[Short web captions]

*** Begin section ***

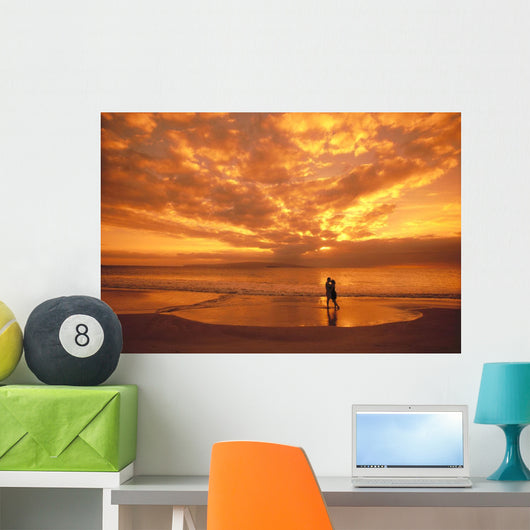 Couple Silhouetted On The Beach During Sunset Wall Mural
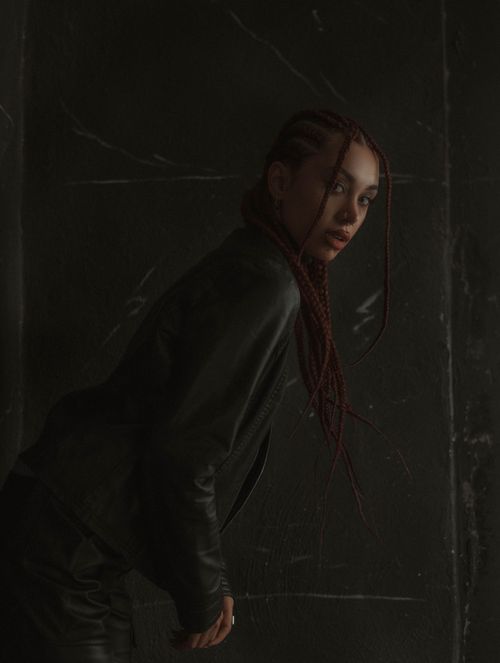 Free Moody portrait of a woman with braided hair in dark clothing posing indoors. Stock Photo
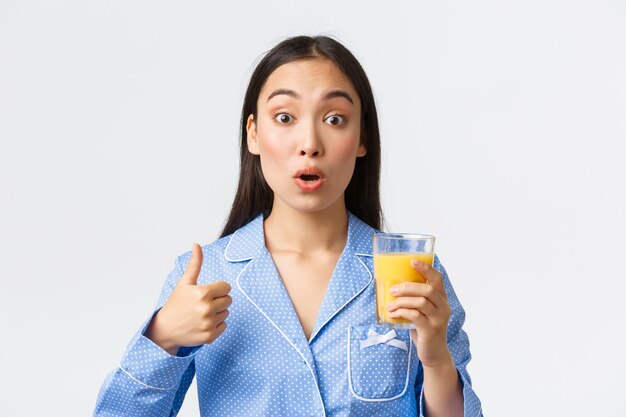 Estilo de vida saudável, rotina matinal e conceito de pessoas. Close-up de menina asiática surpresa e satisfeita parecendo espantado como mostrando o polegar para cima e tentando suco de laranja fresco, fundo branco.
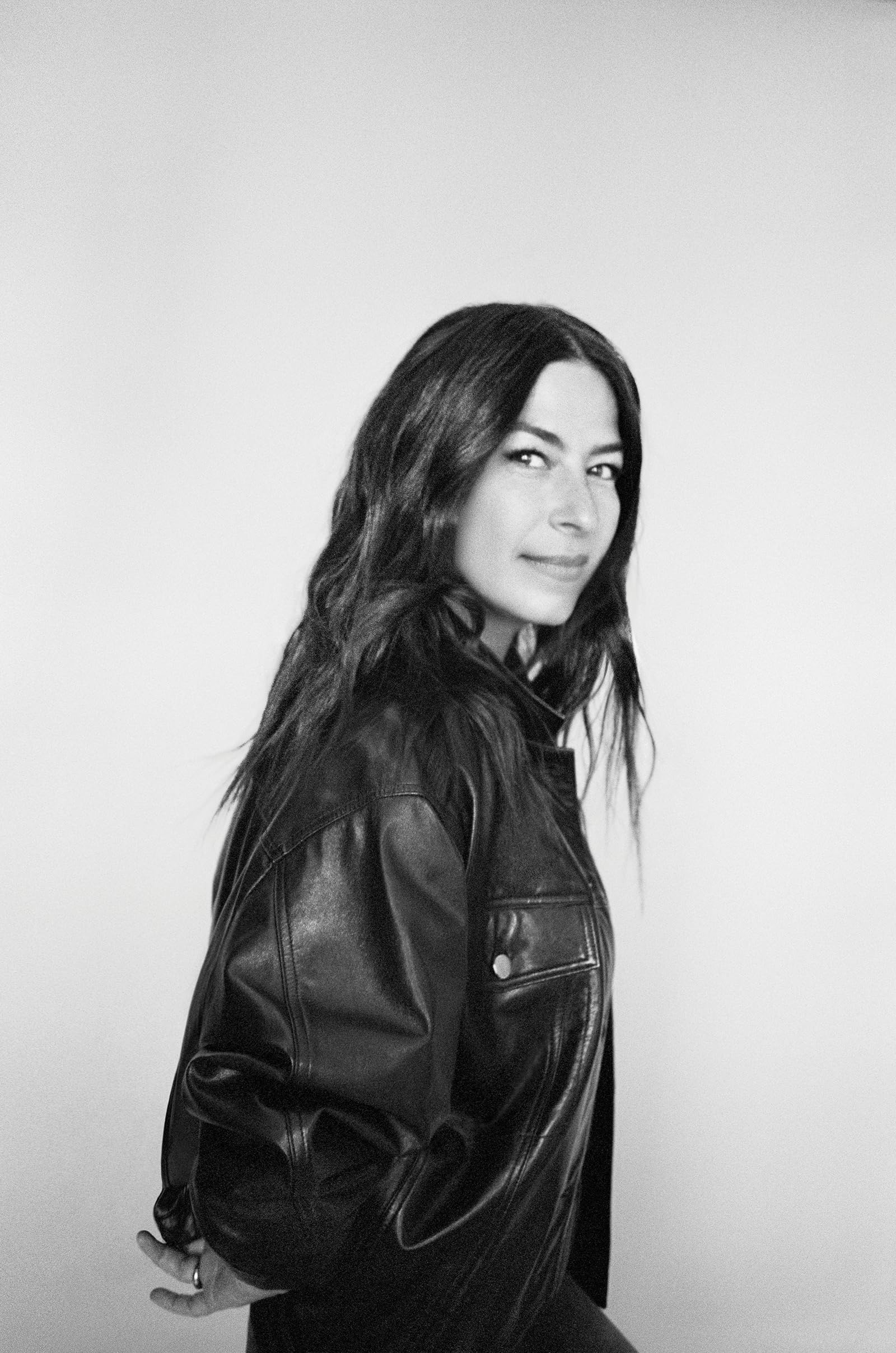 Rebecca Minkoff Body Spray application image suggests long-lasting aroma through the day.
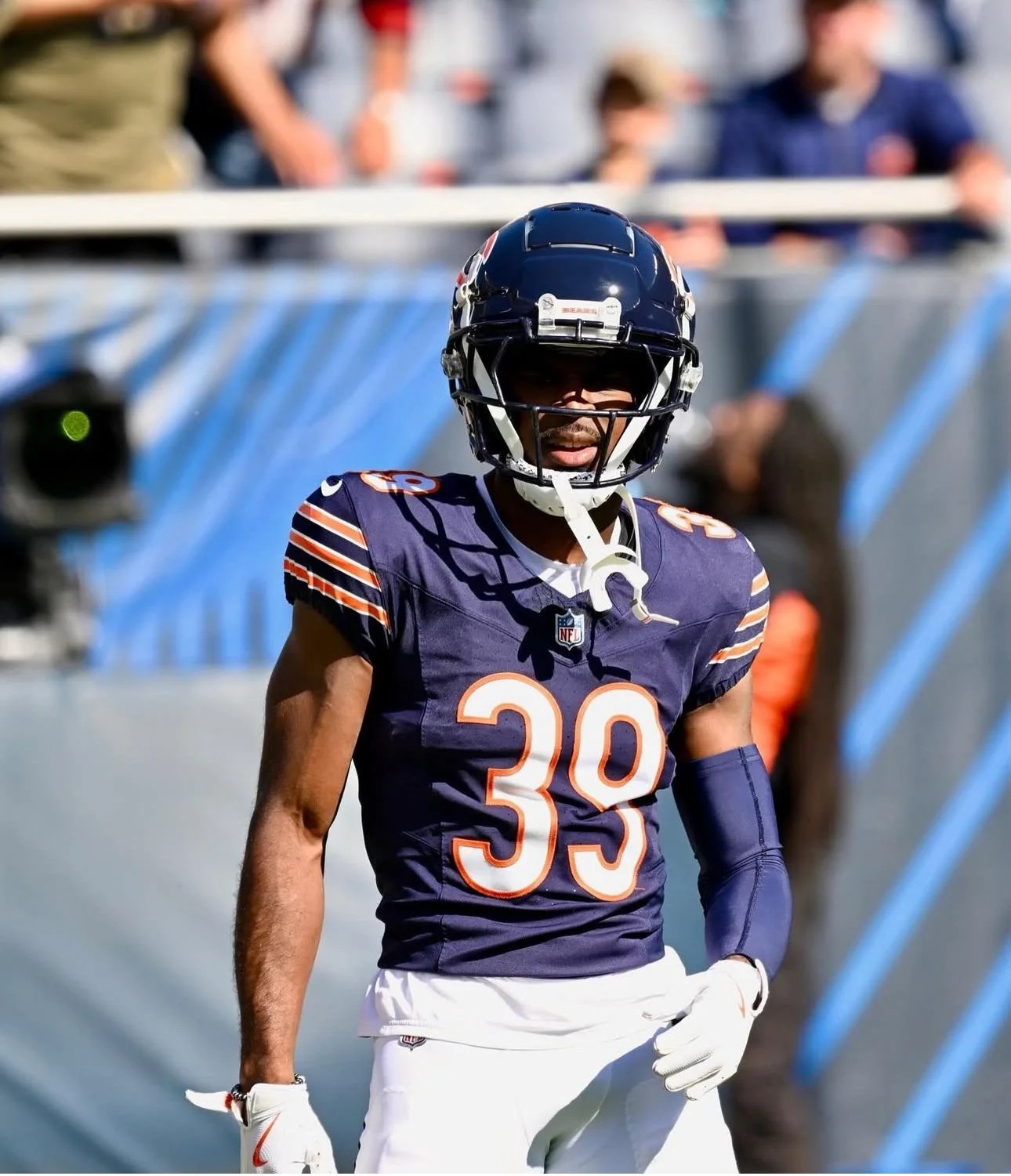 An NFL football player wearing a navy blue Chicago Bears jersey with the number 39, black helmet, and white gloves, standing on the field during a game.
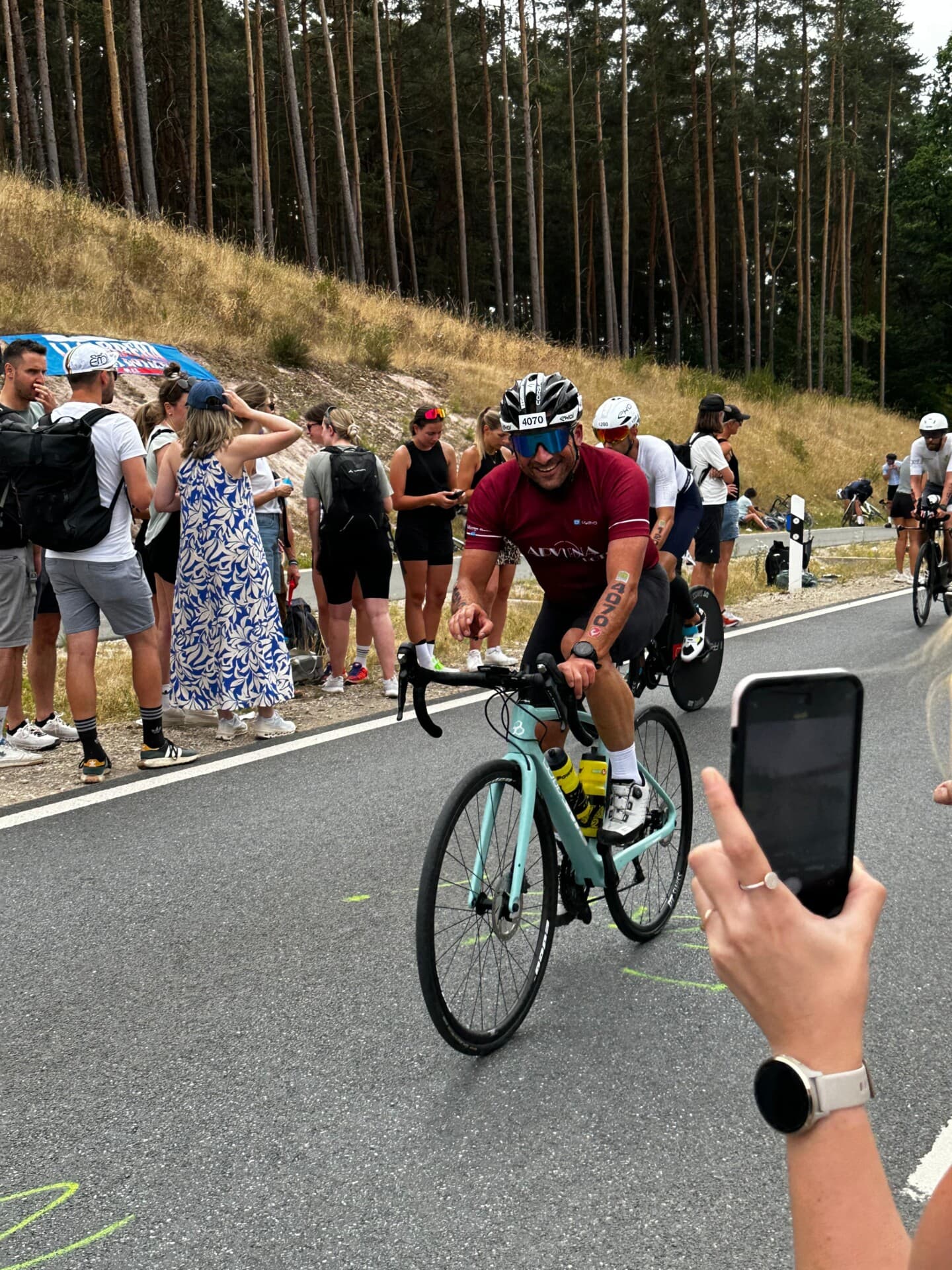 Triathlet auf dem Rennrad auf der Strecke, am Straßenrand Zuschauer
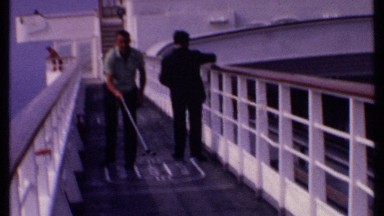 1969: man plays shuffleboard of a cruise ship. BAHAMAS
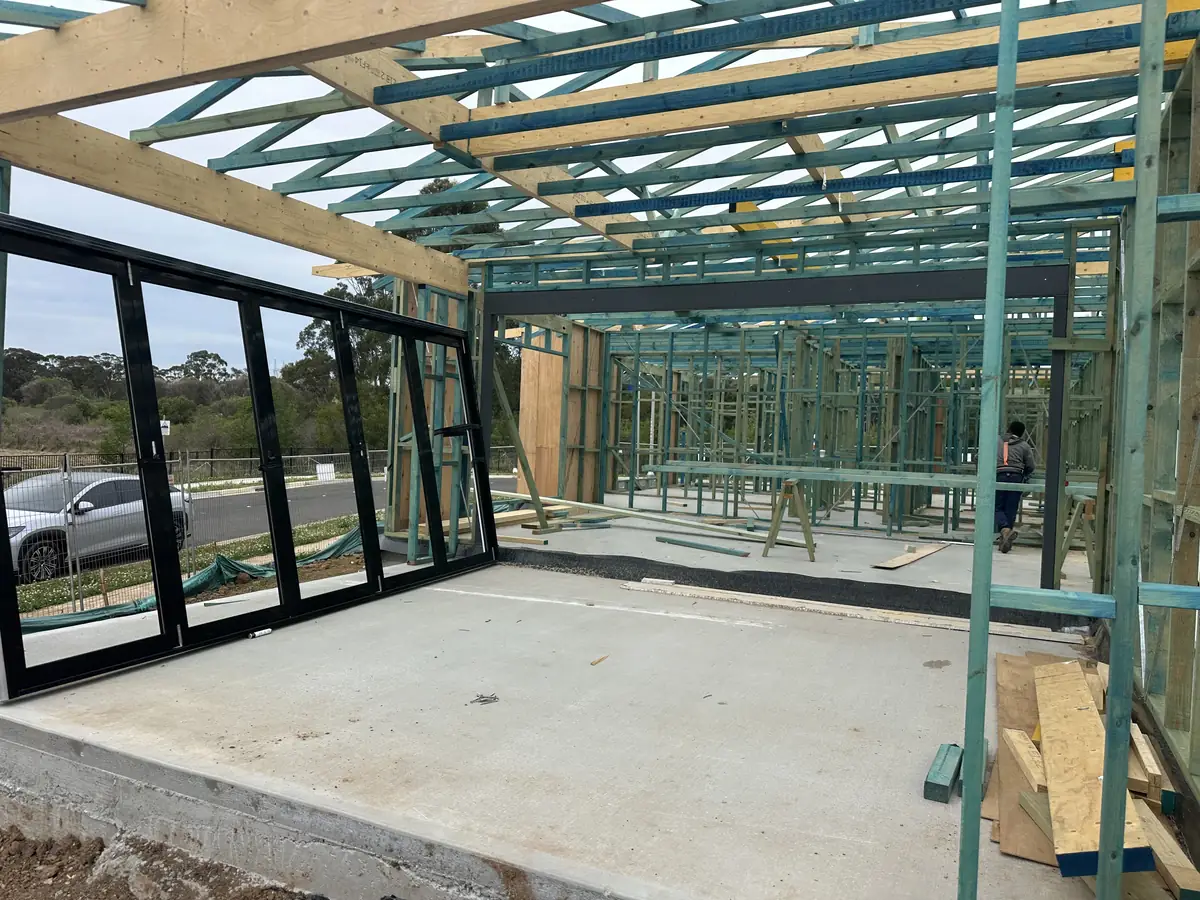 Timber framing with windows and sliding doors installed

*** End section ***

In the copy, omit the pictures and give every line of the data exactly.

 Couple Silhouetted On The Beach During Sunset Wall Mural
 Free Moody portrait of a woman with braided hair in dark clothing posing indoors. Stock Photo
 Estilo de vida saudável, rotina matinal e conceito de pessoas. Close-up de menina asiática surpresa e satisfeita parecendo espantado como mostrando o polegar para cima e tentando suco de laranja fresco, fundo branco.
 Rebecca Minkoff Body Spray application image suggests long-lasting aroma through the day.
 An NFL football player wearing a navy blue Chicago Bears jersey with the number 39, black helmet, and white gloves, standing on the field during a game.
 Triathlet auf dem Rennrad auf der Strecke, am Straßenrand Zuschauer
 1969: man plays shuffleboard of a cruise ship. BAHAMAS
 Timber framing with windows and sliding doors installed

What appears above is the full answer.